Olympic National Park Essentials

Get lost in the lush foliage, crystal-clear lakes, raging rivers and glaciated mountains of the Pacific Northwest’s most prized park.

With more than 2.5 million visitors every year, Washington’s Olympic National Park is one of the 10 most-visited national parks in the country. For good reason. Encompassing nearly 1 million acres, it’s as diverse as any park in the system, harboring everything from vast tracts of wilderness and eons of human history to a range of ecosystems, including glacier-capped peaks, old-growth temperate rainforests and 70 miles of wild coastline.
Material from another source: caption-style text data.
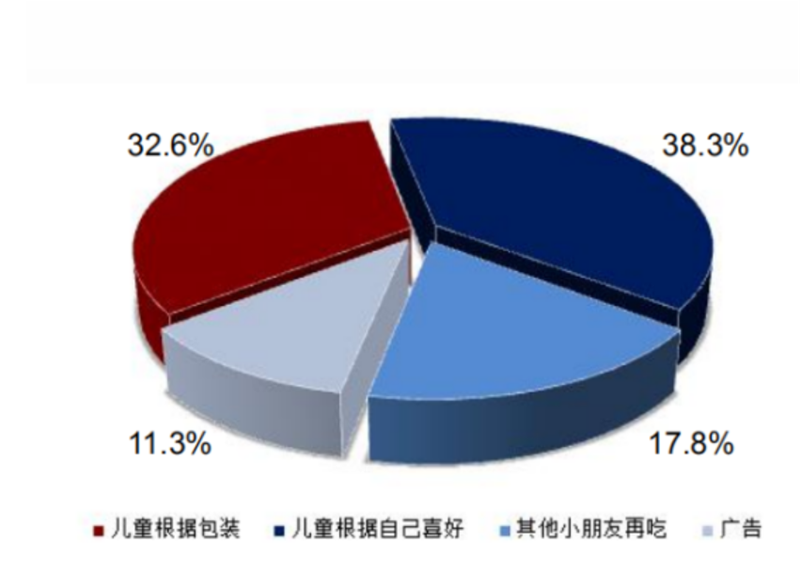 “穿上”卡通包裝的兒童蝦片，價(jià)格超出同類產(chǎn)品近10倍？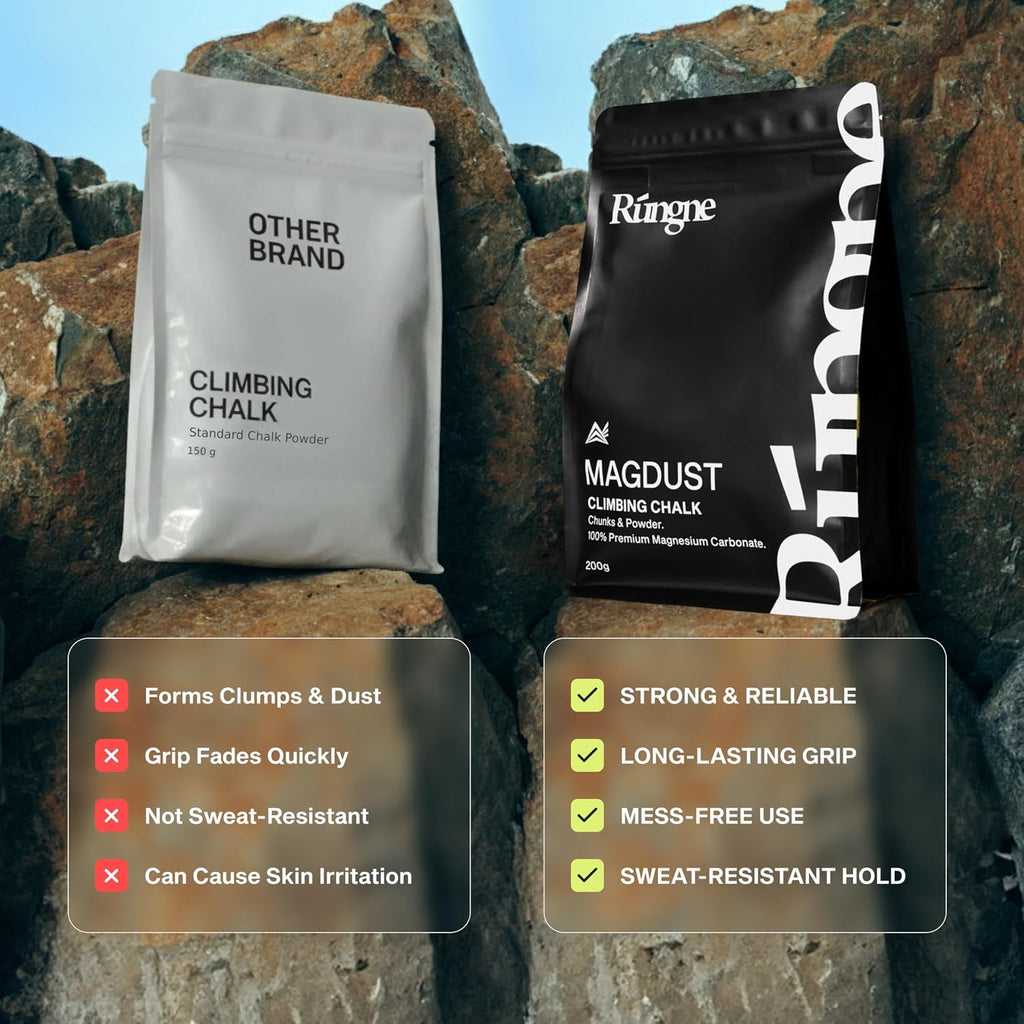 RUNGNE Premium Climbing Chalk - High Performance Chalk for Rock Climbing, Bouldering, Weightlifting & More - Unmatched Grip and Skin Friendly
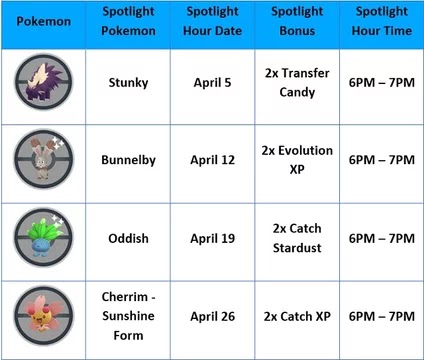 pokemon go spotlight hour april 2022, stunky spotlight hour april 2022, pokemon go spotlight hour april 2022 schedule, stunky, bunnelby, oddish, cherrim - sunshine form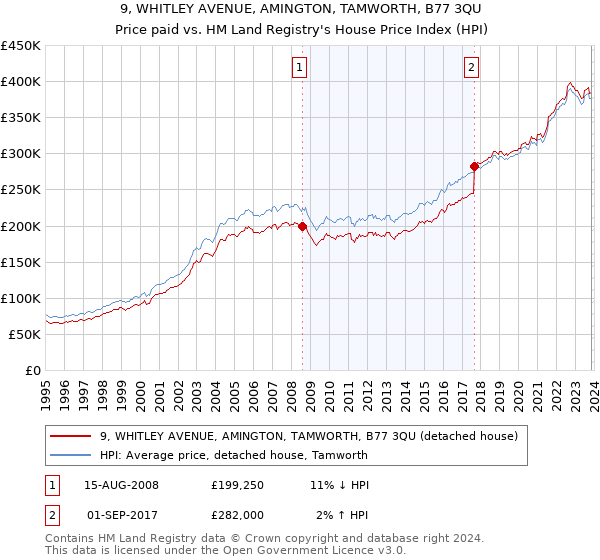 9, WHITLEY AVENUE, AMINGTON, TAMWORTH, B77 3QU: Price paid vs HM Land Registry's House Price Index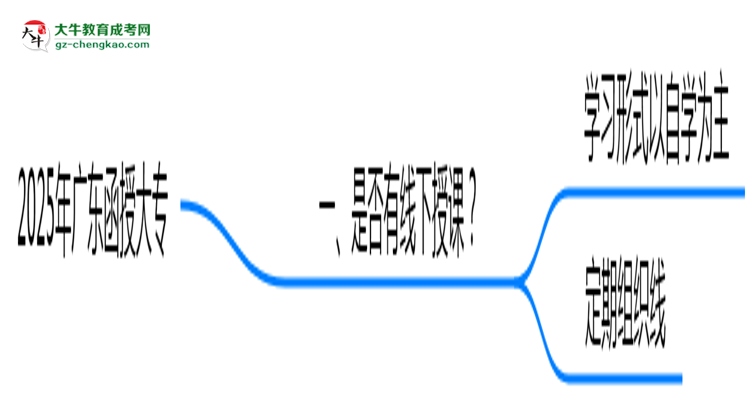廣東函授大專線下授課嗎?2025年面授課程安排說明思維導(dǎo)圖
Unique geology defines the park, from sandy, sea stack-bordered beaches and coastal cliffs to lush forests and alpine habitats, including crevasse-riddled glaciers and 7,979-foot-high Mount Olympus, the tallest peak in the Olympic range. All this habitat also makes the park home to five species of endemic mammals, including the furry Olympic marmot. 

 

History

The region is home to eight contemporary tribes of the Olympic Peninsula—the Makah, Quileute, Hoh, Quinault, Skokomish, Port Gamble S'Klallam, Jamestown S'Klallam, and Lower Elwha Klallam—with more than 650 archeological sites documenting 12,000 years of human occupation. But it wasn’t until 1890 that naturalist John Muir, Congressman James Wickersham and Lieutenant Joseph O’Neil, who led an exploration of the peninsula's interior, proposed turning the area into a national park. President Grover Cleveland responded in 1897 by naming it a national forest reserve. In 1909, President Teddy Roosevelt designated part of it as Mount Olympus National Monument to protect its Roosevelt elk population. And then in 1937, President Franklin Roosevelt visited and, the next year, designated it Olympic National Park. It gained an additional section of Pacific coastline in 1953, expanding to its current 922,700 acres. The designations weren’t finished, though. In 1976, UNESCO named the park an International Biosphere Reserve, and in 1981 declared it a World Heritage Site—some of the highest accolades in the entire national park system

 

Visiting the National Park

With no roads that cross the park, you need to plan your trip carefully (hint: the Visitor Center in Port Angeles has exhibits, an orientation film and staff to help). In one long day (packed with overlooks and side-hikes), you can visit each of Olympic’s major ecosystems: the mountains, the rainforest and the coast. Grocery stores, restaurants and other amenities are available in Port Angeles, Forks and other towns along Highway 101. But pack a lunch; you’ll want to stay outside to enjoy every minute of this ecologically diverse and sprawling park. Here are the main geographic highlights to hit, as well as a pair of sampler itineraries to experience all three via road and trail. More Info: nps.gov  

  • Temperate Rainforests
    To the west of the Olympic Mountains is a land of towering, temperate rainforests, whose canopy umbrellas upwards of 156 inches of rain annually. The result: a lush green forest of coniferous and deciduous trees as well as vibrant mosses and ferns. Rainforests to put on your list include: the Hoh, whose Hall of Mosses and Spruce nature trails loop from its Visitor Center (which is also the trailhead for Hoh Valley and Mount Olympus); uncrowded Queets and the secluded upper Queets Valley; and the Quinault Valley, a gateway to sparkling lakes, high meadows and jagged peaks. 
  • Pacific Coast
    Hit the park’s 70 miles of coastline along the convoluted Pacific Ocean and your neck will get sore from gawking at the grandiose scenery, from towering sea stacks and other unique rock formations to crashing waves, sculpture-like driftwood and sandy beaches. Sandwich this tour with side-trip stops at worthy lakes (Ozette is must-see) and visits to old-growth forests and you’ll realize the park’s coastal areas could well be a park of their own.  
  • Sea Stacks and Beaches
    Along the park’s 70-mile coast you’ll find a higher concentration of sea stacks than anywhere else in the country. These towers of rock define the views from beaches such as Ruby, Ozette, Shi Shi, Rialto, La Push, plus First, Second and Third. Pack a lunch and enjoy a picnic as you marvel at these volcanic wonders. 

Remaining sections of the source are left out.